Le quatrième de couverture des éditions Libretto souligne que ce livre a été écrit « au sortir d'une grave dépression éthylique ». Si l'alcoolisme de London n'est pas une donnée inédite. Elle permet néanmoins d'éclairer sur les circonstances ayant permis d'accoucher d'un roman comptant parmi les plus sombres de son auteur. Les mauvais traitements, les sévices et la mort y sont omniprésents. Les effets désinhibants de l'alcool sont bien connus, mais couplés à la plume de l'écrivain cela donne un livre totalement décomplexé, où la pensée suprémaciste de London éclate au grand jour.
Jusqu'à présent, je l'avais relevé par petites touches dans son oeuvre.
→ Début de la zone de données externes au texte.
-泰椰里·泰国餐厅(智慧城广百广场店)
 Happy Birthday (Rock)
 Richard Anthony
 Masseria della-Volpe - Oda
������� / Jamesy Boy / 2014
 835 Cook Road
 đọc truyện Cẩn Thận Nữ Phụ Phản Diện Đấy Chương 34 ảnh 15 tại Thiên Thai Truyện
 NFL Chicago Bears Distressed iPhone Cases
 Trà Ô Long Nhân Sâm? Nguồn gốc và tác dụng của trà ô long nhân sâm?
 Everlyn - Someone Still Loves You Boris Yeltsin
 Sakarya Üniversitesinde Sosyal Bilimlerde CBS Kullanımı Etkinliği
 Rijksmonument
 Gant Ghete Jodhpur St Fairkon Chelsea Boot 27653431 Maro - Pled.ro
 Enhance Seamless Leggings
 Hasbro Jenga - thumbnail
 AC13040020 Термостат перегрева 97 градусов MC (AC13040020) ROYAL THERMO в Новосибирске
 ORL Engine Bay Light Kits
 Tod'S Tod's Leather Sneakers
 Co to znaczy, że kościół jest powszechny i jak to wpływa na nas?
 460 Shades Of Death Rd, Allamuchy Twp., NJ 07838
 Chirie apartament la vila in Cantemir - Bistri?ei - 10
Cela pouvait être perçu comme des préjugés inhérents à l'époque où les récits ont été écrits.
Il est déjà difficile de faire admettre au grand public que
Jack London n'est pas un écrivain de littérature jeunesse ; il sera encore plus difficile d'expliquer les ambiguïtés d'un écrivain qui a oscillé toute sa vie entre ses engagements socialistes, pour la cause animale… et le « darwinisme social » - doctrine du philosophe anglais
Herbert Spencer et dont les écrits de London ont été grandement sous l'influence - qui consiste à appliquer aux rapports sociaux la théorie de sélection et de classification des espèces de Darwin. Pour la faire courte : il est normal que certains peuples en dominent et exploitent d'autres.
Dans «
Les Mutinés de l'Elseneur » cela se manifeste par une emphase mise sur les traits caractéristiques des divers occupants du navire. Ainsi les membres d'équipage sont tous « bruns », « basanés », « difformes » portants en eux tout l'atavisme de leur « race » (cela est dit explicitement dans le texte). Là où les passagers et le personnel de commandement sont loués pour la finesse de leurs traits, leurs yeux bleus et leurs cheveux blonds. Et destinés par l'ancestralité de leur sang à commander aux inférieurs.
Un livre problématique donc, plombé par son parti pris idéologique, et qui aurait pu être un grand roman d'aventures. London, malgré tout, excelle toujours dans la tension qu'il instaure de manière crescendo, et l'on se surprend à des fulgurances lors de certaines réflexions philosophiques et métaphysiques. Mais c'est trop peu face au discours idéologique qu'il nous martèle au fil des pages.
Pour ceux qui auraient peur de ressortir d'une lecture avec « La nausée et les mains sales », comme le veut le crédo de notre époque. Je leur conseille plutôt de lire «
Le loup des mers », un vrai récit d'aventures avec des réflexions philosophiques et métaphysiques intéressantes, et ne donnant pas à chaque page l'envie de voir mourir son personnage principal.
Quant à
Jack London, ne soyez pas trop dur avec lui, le XXème siècle s'est suffisamment chargé de lui donner tort.